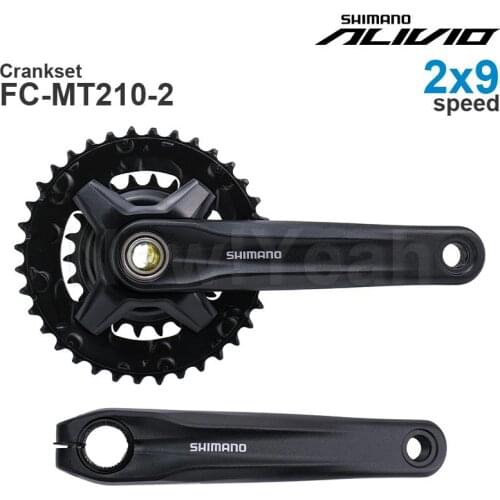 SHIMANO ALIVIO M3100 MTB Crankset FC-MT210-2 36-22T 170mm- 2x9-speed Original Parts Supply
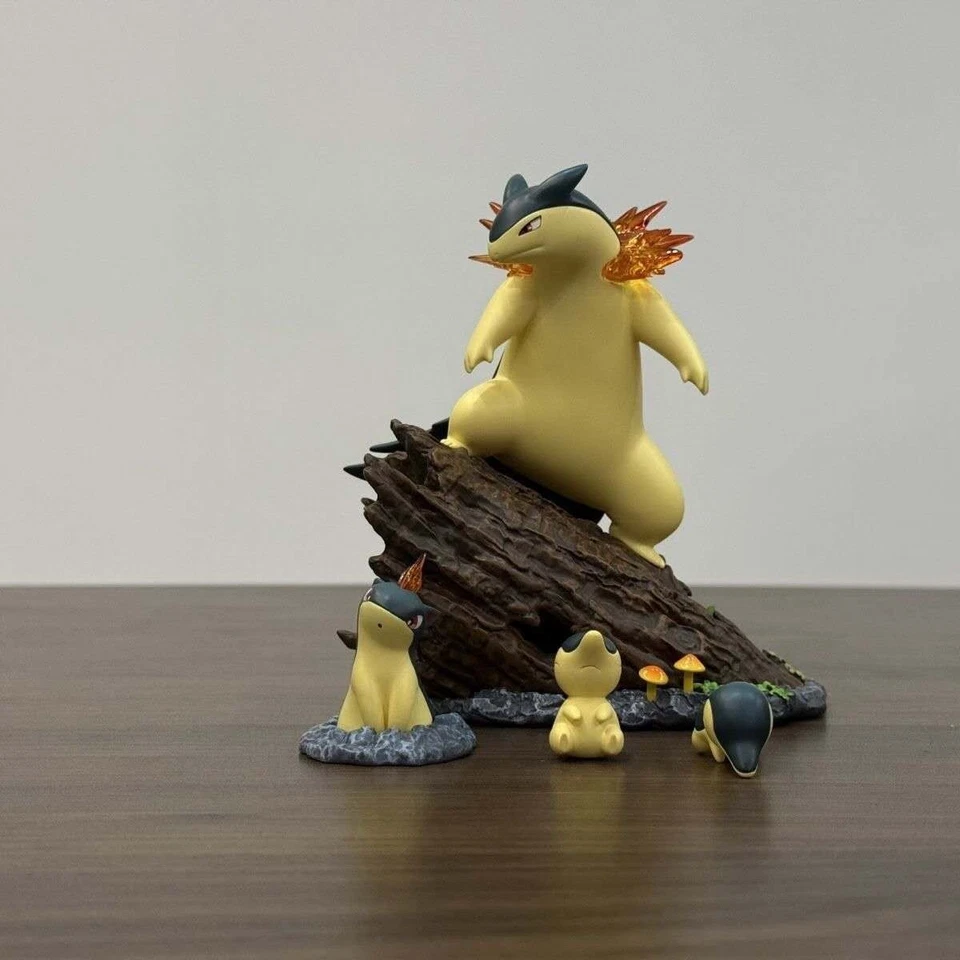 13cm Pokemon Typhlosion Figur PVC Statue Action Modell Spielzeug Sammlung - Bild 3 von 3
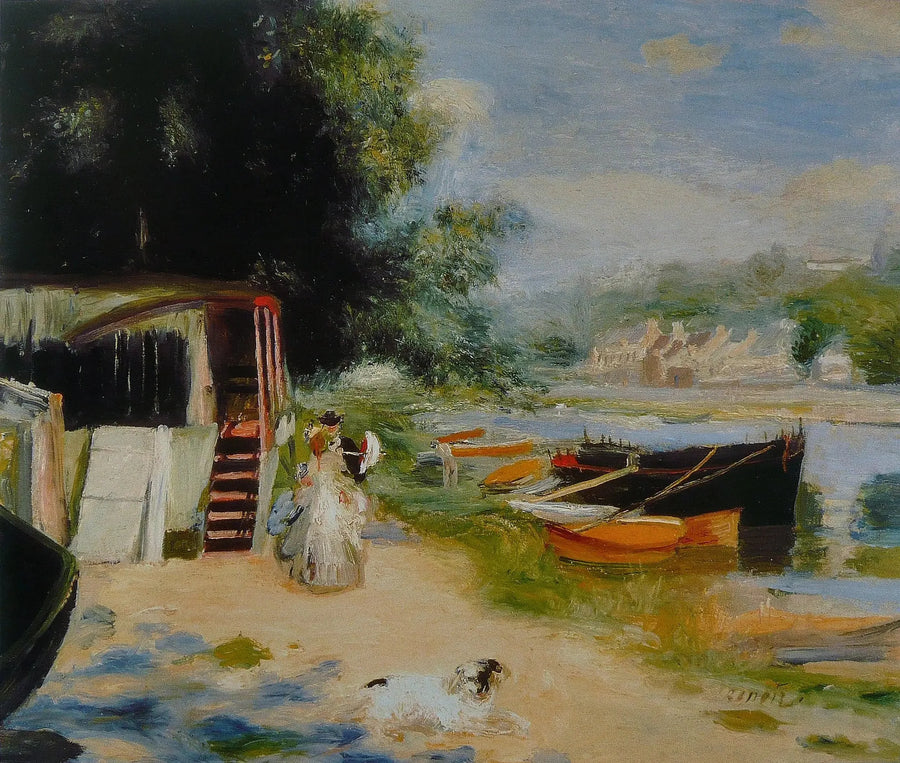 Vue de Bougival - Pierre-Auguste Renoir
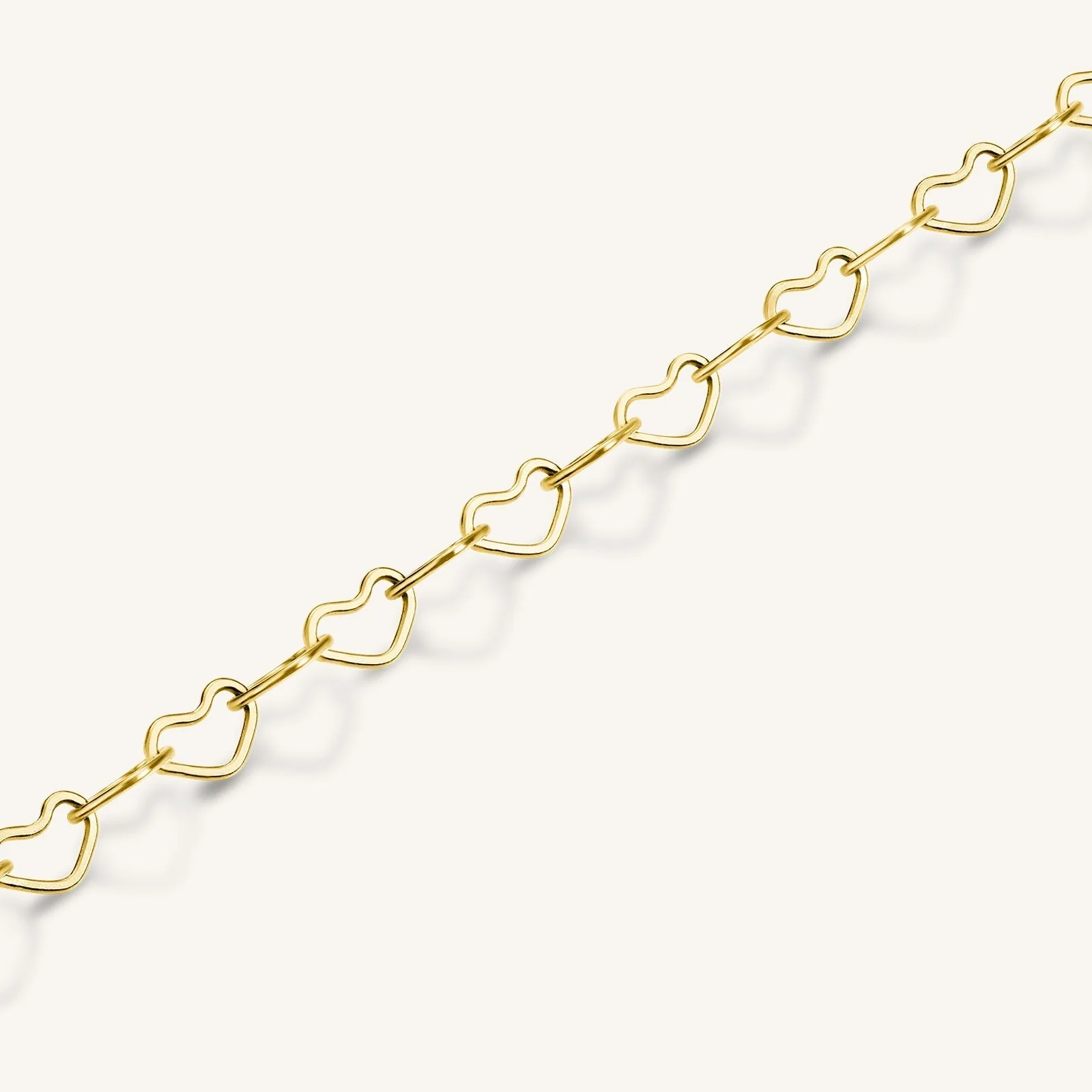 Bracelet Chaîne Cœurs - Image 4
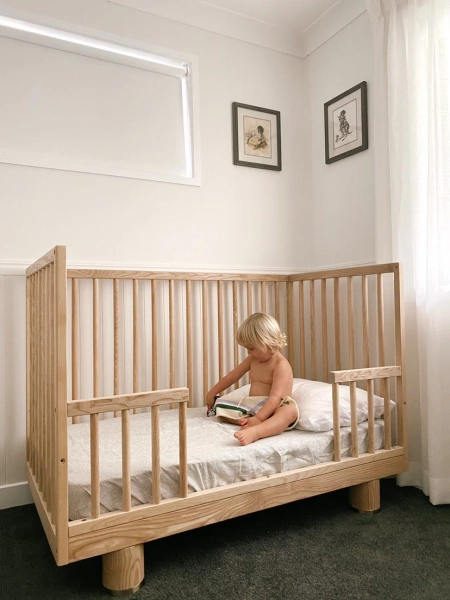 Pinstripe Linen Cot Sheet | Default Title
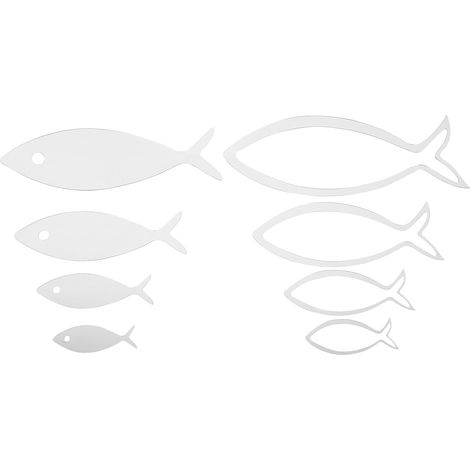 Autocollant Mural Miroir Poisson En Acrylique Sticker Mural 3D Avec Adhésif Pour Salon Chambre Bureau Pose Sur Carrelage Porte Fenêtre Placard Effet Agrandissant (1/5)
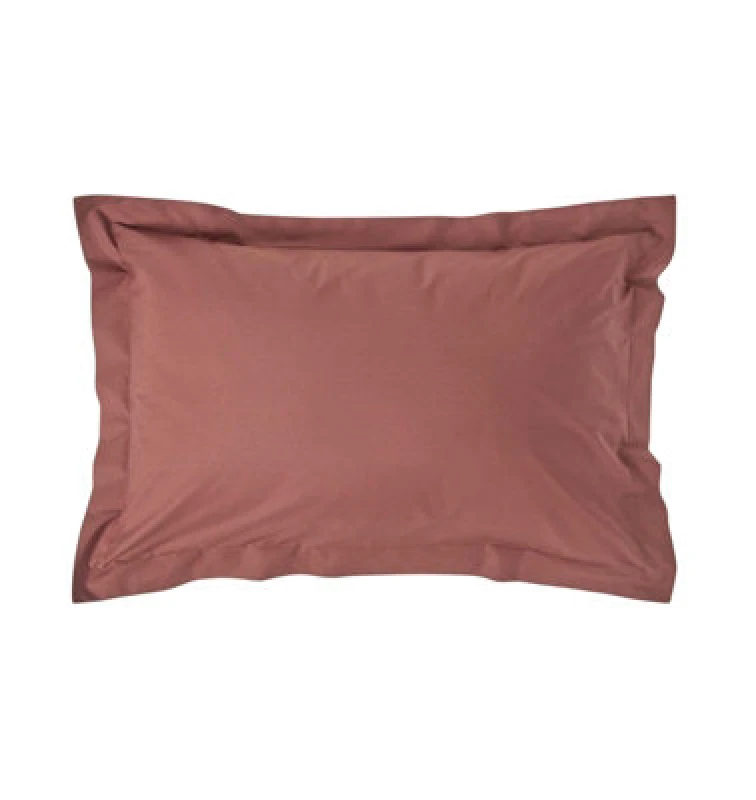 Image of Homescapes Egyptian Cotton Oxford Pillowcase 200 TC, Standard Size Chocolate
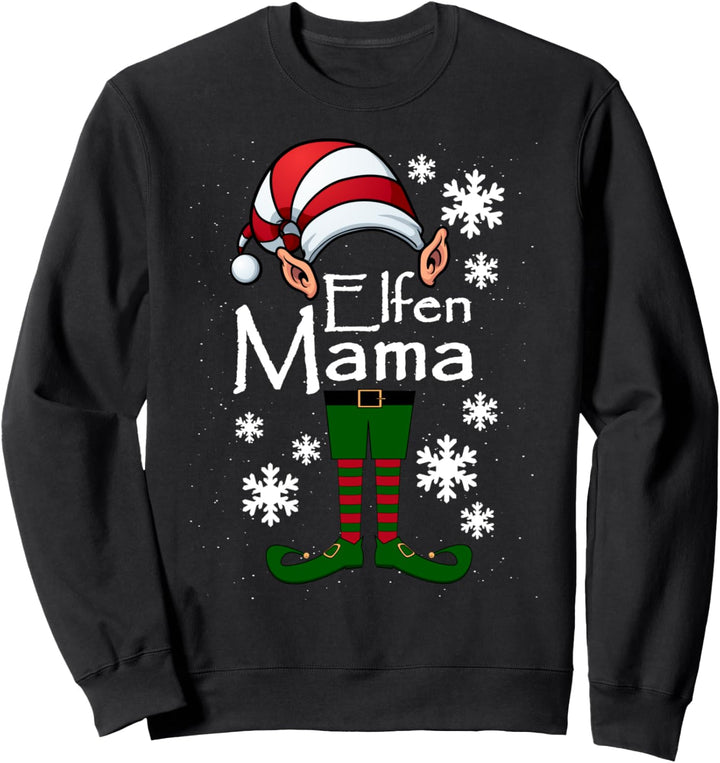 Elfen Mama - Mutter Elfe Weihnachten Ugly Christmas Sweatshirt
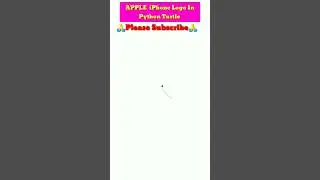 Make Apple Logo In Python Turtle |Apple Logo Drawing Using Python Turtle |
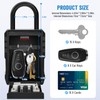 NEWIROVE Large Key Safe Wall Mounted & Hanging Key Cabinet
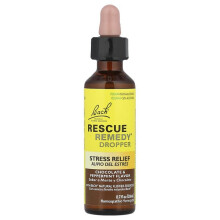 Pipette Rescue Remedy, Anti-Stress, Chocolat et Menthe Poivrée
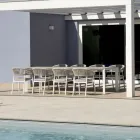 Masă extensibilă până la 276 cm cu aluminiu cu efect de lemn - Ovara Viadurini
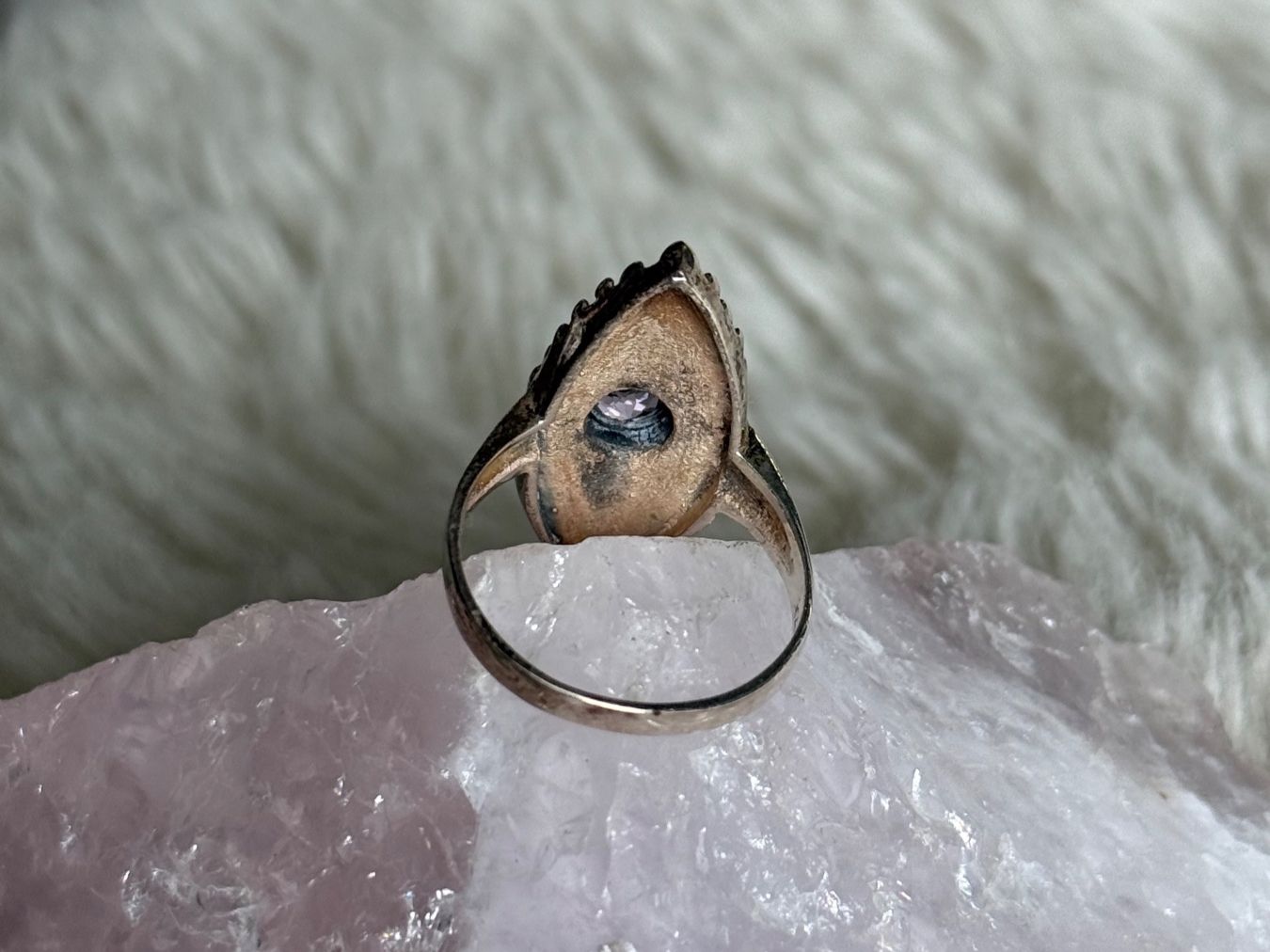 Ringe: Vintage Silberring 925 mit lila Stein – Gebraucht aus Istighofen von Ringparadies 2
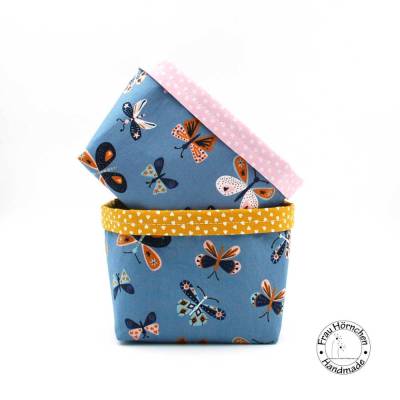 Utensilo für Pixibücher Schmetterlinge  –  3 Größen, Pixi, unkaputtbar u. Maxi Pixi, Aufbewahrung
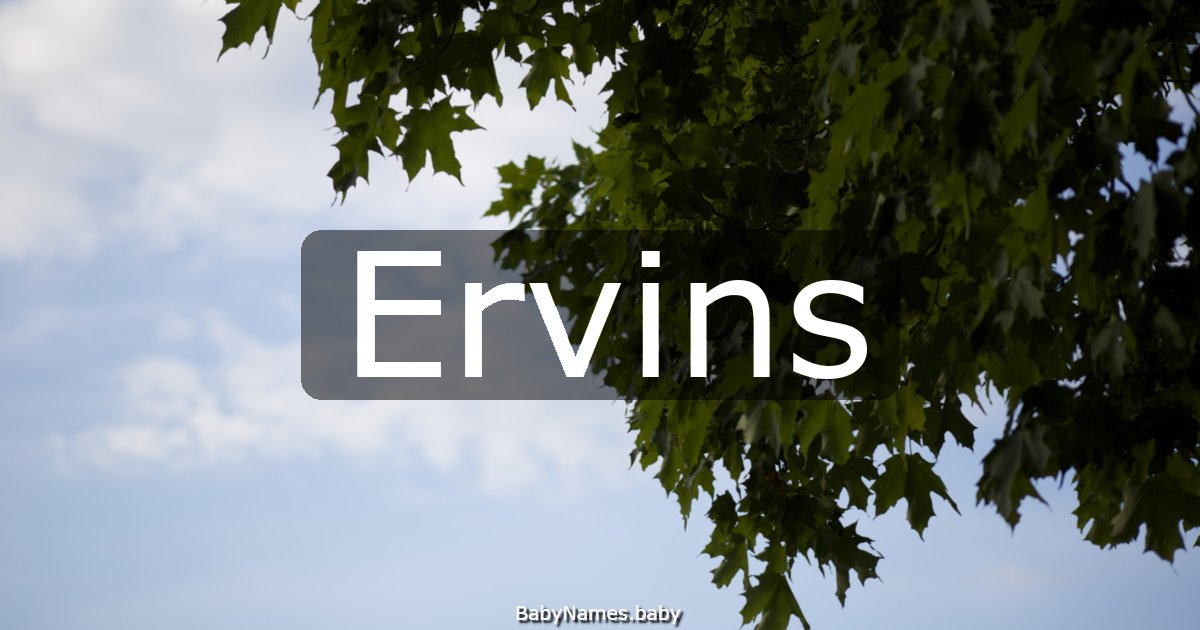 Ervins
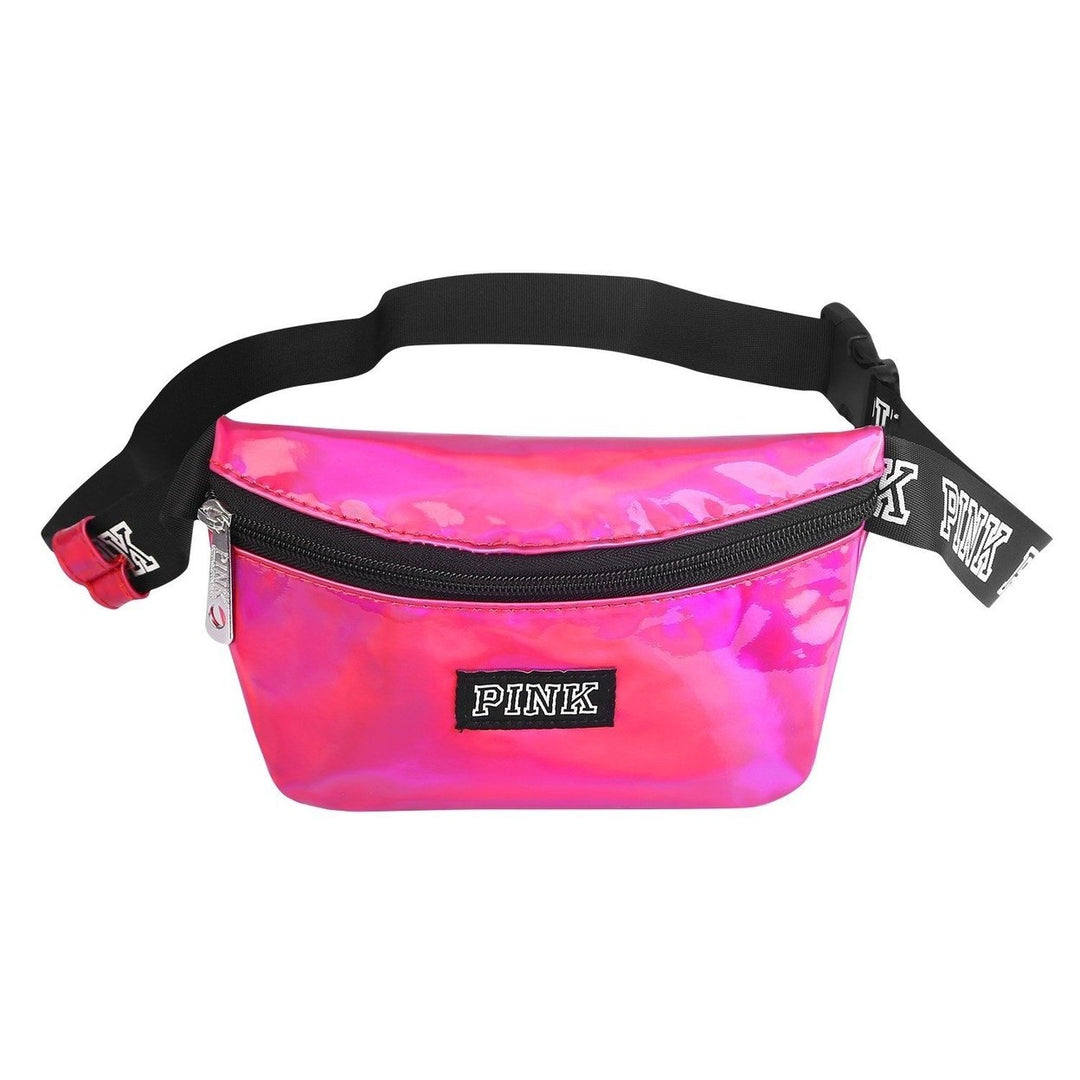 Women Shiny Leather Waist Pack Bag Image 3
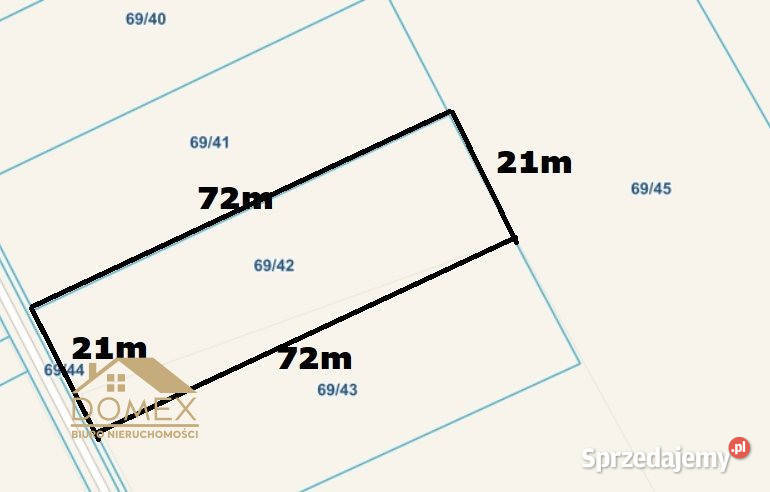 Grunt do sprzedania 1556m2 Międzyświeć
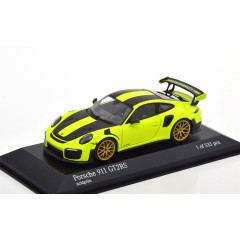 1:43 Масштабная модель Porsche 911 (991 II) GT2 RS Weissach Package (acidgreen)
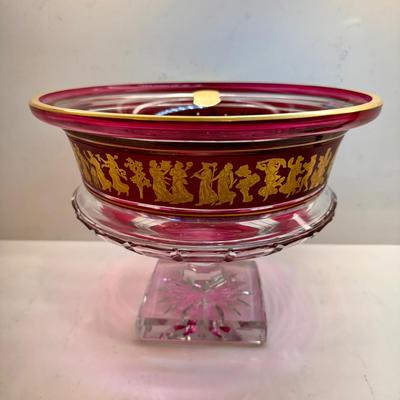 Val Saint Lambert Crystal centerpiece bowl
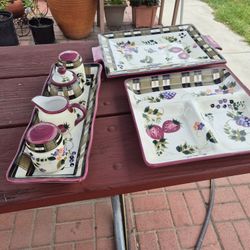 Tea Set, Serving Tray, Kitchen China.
+-------+
» Assigned task
An exact transcription is needed of the lines from the one with "Pinstripe Linen Cot Sheet | Default Title" to the one with "1:43 Масштабная модель" above, both ends included, with pictures left out.

» Task response
 Pinstripe Linen Cot Sheet | Default Title
 Autocollant Mural Miroir Poisson En Acrylique Sticker Mural 3D Avec Adhésif Pour Salon Chambre Bureau Pose Sur Carrelage Porte Fenêtre Placard Effet Agrandissant (1/5)
 Image of Homescapes Egyptian Cotton Oxford Pillowcase 200 TC, Standard Size Chocolate
 Elfen Mama - Mutter Elfe Weihnachten Ugly Christmas Sweatshirt
 Make Apple Logo In Python Turtle |Apple Logo Drawing Using Python Turtle |
 NEWIROVE Large Key Safe Wall Mounted & Hanging Key Cabinet
 Pipette Rescue Remedy, Anti-Stress, Chocolat et Menthe Poivrée
 Masă extensibilă până la 276 cm cu aluminiu cu efect de lemn - Ovara Viadurini
 Ringe: Vintage Silberring 925 mit lila Stein – Gebraucht aus Istighofen von Ringparadies 2
 Utensilo für Pixibücher Schmetterlinge  –  3 Größen, Pixi, unkaputtbar u. Maxi Pixi, Aufbewahrung
 Ervins
 Women Shiny Leather Waist Pack Bag Image 3
 Grunt do sprzedania 1556m2 Międzyświeć
 1:43 Масштабная модель Porsche 911 (991 II) GT2 RS Weissach Package (acidgreen)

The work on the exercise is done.